→ STORED DATA
____
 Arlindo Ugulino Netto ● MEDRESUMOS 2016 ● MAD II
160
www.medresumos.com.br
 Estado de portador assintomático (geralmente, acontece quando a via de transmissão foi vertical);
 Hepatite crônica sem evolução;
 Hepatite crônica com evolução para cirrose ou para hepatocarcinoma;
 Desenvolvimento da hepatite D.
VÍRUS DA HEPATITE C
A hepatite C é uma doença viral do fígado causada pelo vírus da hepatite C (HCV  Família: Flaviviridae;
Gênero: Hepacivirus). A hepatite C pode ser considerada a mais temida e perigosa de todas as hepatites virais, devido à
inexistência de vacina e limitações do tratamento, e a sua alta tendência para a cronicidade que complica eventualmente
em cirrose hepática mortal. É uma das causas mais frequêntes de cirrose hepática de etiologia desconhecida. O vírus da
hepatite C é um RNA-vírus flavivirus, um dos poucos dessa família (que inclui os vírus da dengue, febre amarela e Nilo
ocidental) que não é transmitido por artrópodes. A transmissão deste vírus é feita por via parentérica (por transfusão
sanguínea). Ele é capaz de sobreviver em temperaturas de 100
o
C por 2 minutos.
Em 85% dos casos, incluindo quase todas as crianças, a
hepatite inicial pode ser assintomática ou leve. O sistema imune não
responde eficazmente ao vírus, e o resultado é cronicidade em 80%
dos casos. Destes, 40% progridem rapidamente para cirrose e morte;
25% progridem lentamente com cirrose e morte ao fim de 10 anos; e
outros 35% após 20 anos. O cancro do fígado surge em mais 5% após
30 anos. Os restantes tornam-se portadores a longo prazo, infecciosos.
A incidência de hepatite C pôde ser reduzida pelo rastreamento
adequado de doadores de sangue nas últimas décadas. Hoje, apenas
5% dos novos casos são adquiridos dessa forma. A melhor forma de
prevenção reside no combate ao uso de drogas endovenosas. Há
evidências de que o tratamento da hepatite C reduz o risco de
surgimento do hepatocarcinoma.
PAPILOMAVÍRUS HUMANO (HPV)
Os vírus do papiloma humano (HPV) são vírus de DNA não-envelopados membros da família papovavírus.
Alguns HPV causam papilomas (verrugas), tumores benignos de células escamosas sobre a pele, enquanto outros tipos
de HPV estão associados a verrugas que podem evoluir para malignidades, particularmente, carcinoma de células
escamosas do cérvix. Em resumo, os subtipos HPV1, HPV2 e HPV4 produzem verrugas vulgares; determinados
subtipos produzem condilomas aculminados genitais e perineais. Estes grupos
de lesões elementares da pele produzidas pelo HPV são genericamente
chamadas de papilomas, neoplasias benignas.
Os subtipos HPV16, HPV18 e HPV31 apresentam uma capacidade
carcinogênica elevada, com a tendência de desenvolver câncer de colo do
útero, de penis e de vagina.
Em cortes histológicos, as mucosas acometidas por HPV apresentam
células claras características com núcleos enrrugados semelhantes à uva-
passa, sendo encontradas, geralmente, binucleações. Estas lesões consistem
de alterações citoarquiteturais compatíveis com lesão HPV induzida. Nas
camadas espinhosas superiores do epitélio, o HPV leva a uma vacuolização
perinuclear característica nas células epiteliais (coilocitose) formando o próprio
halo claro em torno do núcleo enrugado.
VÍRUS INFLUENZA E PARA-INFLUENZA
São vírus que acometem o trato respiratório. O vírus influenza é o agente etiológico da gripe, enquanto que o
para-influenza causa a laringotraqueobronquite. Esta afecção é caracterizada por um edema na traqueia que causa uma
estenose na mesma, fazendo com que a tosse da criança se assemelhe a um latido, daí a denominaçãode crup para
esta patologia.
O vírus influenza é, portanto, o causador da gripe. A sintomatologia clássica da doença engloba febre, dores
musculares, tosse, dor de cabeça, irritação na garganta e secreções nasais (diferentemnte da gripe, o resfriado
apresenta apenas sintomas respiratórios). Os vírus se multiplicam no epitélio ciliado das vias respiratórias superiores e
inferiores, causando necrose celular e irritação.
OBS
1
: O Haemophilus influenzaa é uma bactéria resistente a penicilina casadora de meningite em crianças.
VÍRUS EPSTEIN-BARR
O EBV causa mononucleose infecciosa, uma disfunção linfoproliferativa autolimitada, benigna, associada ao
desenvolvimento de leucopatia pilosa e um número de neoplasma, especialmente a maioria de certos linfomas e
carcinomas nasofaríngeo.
____
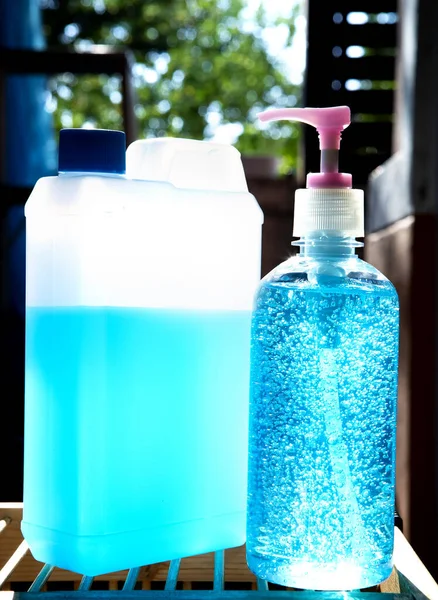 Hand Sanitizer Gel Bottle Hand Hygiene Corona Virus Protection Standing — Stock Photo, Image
____
Take the stretch of lines above from the one containing "de lesões elementares" through the one containing "carcinomas nasofaríngeo." and repeat it exactly, adding no other line.

→ SOLVED EXERCISE
de lesões elementares da pele produzidas pelo HPV são genericamente
chamadas de papilomas, neoplasias benignas.
Os subtipos HPV16, HPV18 e HPV31 apresentam uma capacidade
carcinogênica elevada, com a tendência de desenvolver câncer de colo do
útero, de penis e de vagina.
Em cortes histológicos, as mucosas acometidas por HPV apresentam
células claras características com núcleos enrrugados semelhantes à uva-
passa, sendo encontradas, geralmente, binucleações. Estas lesões consistem
de alterações citoarquiteturais compatíveis com lesão HPV induzida. Nas
camadas espinhosas superiores do epitélio, o HPV leva a uma vacuolização
perinuclear característica nas células epiteliais (coilocitose) formando o próprio
halo claro em torno do núcleo enrugado.
VÍRUS INFLUENZA E PARA-INFLUENZA
São vírus que acometem o trato respiratório. O vírus influenza é o agente etiológico da gripe, enquanto que o
para-influenza causa a laringotraqueobronquite. Esta afecção é caracterizada por um edema na traqueia que causa uma
estenose na mesma, fazendo com que a tosse da criança se assemelhe a um latido, daí a denominaçãode crup para
esta patologia.
O vírus influenza é, portanto, o causador da gripe. A sintomatologia clássica da doença engloba febre, dores
musculares, tosse, dor de cabeça, irritação na garganta e secreções nasais (diferentemnte da gripe, o resfriado
apresenta apenas sintomas respiratórios). Os vírus se multiplicam no epitélio ciliado das vias respiratórias superiores e
inferiores, causando necrose celular e irritação.
OBS
1
: O Haemophilus influenzaa é uma bactéria resistente a penicilina casadora de meningite em crianças.
VÍRUS EPSTEIN-BARR
O EBV causa mononucleose infecciosa, uma disfunção linfoproliferativa autolimitada, benigna, associada ao
desenvolvimento de leucopatia pilosa e um número de neoplasma, especialmente a maioria de certos linfomas e
carcinomas nasofaríngeo.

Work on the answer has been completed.